Readers of various languages have differing interests. For example, in 2019 "Shivaji" was the most popular article in Marathi Wikipedia, "Guru Granth Sahib" was the most popular in Punjabi, and "vagina" was the most popular in Bhojpuri. Wikipedia articles are sometimes the targets of political debate. Articles where there have been discussions and controversy include, "2020 Delhi riots" and "Jai Shri Ram".

Wikimedia community organization in India
Wiki Conference India is a Wikipedia conference first hosted in India in 2011.

In 2004 Wikimedia editors in India began planning a regional organization, Wikimedia India. Organizers drafted by-laws in 2007, and in 2008 convened meetings with the assistance of the Centre for Internet and Society. The organization was founded in July 2009 as the 29th Wikimedia chapter.

A magazine editor named Sangram Keshari Senapati was praised for his development of Odia Wikipedia.

The Wikipedia in Education Programme (WEP) started in 2013 at various colleges. In 2011, students at colleges and universities in Pune were recognized for participating in a Wikipedia education project. In 2020, participants in the WEP were developing content in Tulu.

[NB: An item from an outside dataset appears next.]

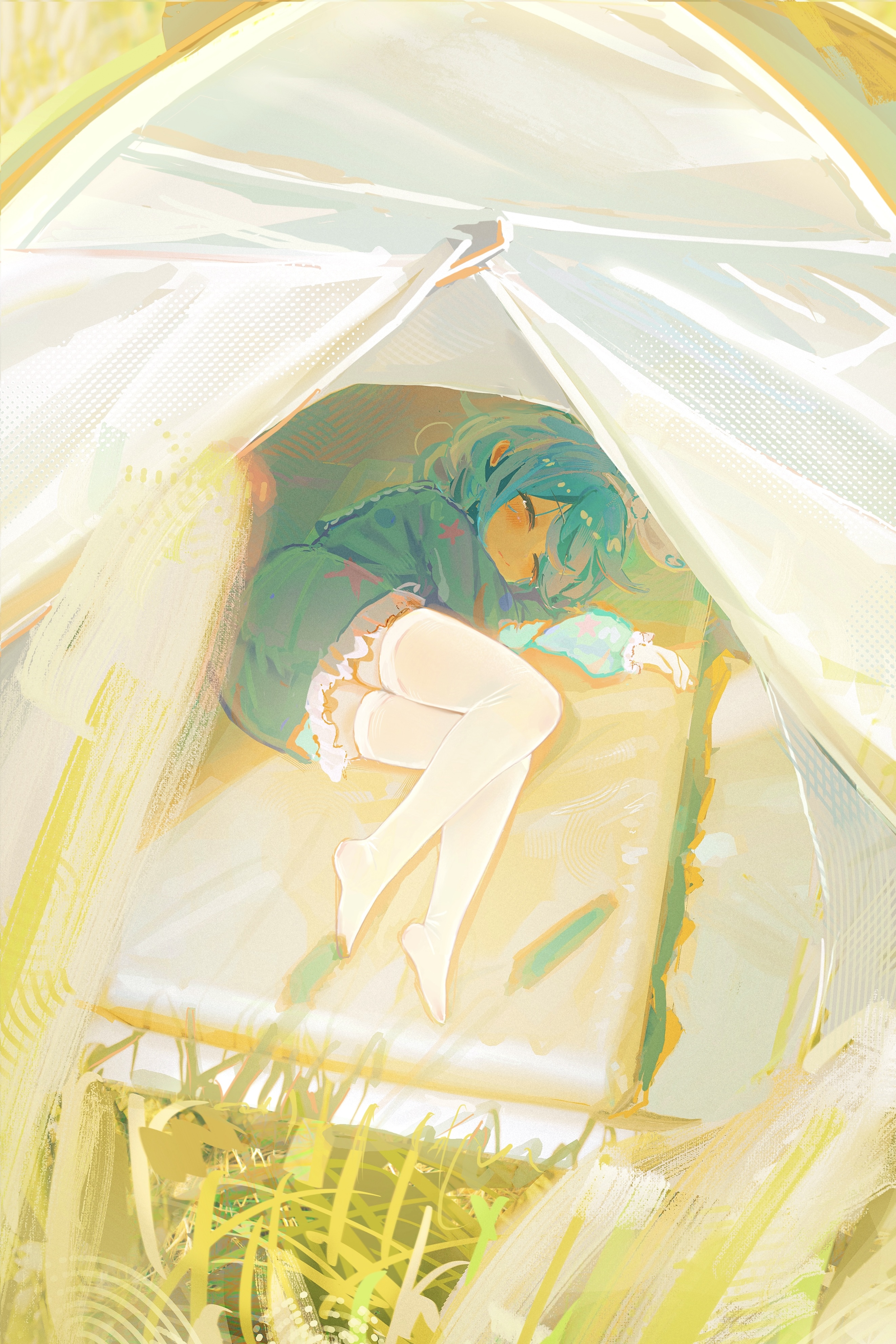 hsch, arona (blue archive), blue archive, absurdres, commentary, english commentary, highres, 1girl, alternate costume, blue dress, blue hair, closed eyes, dress, dutch angle, feet, fine fabric emphasis, frilled sailor collar, frilled sleeves, frilled vest, frills, from above, full body, grass, hair ribbon, long sleeves, lying, medium hair, on side, ribbon, sailor collar, sleeping, solo, tent, tent interior, thighhighs, thighs, vest, white ribbon, white thighhighs, zettai ryouiki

In 2020, the volunteer Wikipedia community had been funding the majority of Wiki community activities in India.

The Karavali Wikimedia community described that they edit among English, Kannada, the Tulu, and the Konkani Wikipedia language versions. They edit on topics including health and women's interest.

Wikimedia Foundation engagement in India

Google sponsored Project Tiger, which was a program to develop Wikipedia content in languages of India. Google provided Chromebooks, while the Wikimedia Foundation offers stipends for an internet connection. Some volunteers balked at the list of subjects provided by Google – mostly topics trending on Google, which some volunteers found irrelevant. Later, a local list was provided.

The Wikimedia Foundation runs fundraising campaigns asking Indian people to donate. One news source described that request for money as awkwardly emotional.

In 2011 the Wikimedia Foundation opened a branch office in India. One of the goals of establishing an office there was to increase regional fundraising.

Indian government and Wikipedia
The Indian government regulates websites including Wikipedia with the Information Technology Rules, 2021. As those rules were being drafted in 2020, some news sources speculated that Wikipedia was not in compliance with those rules.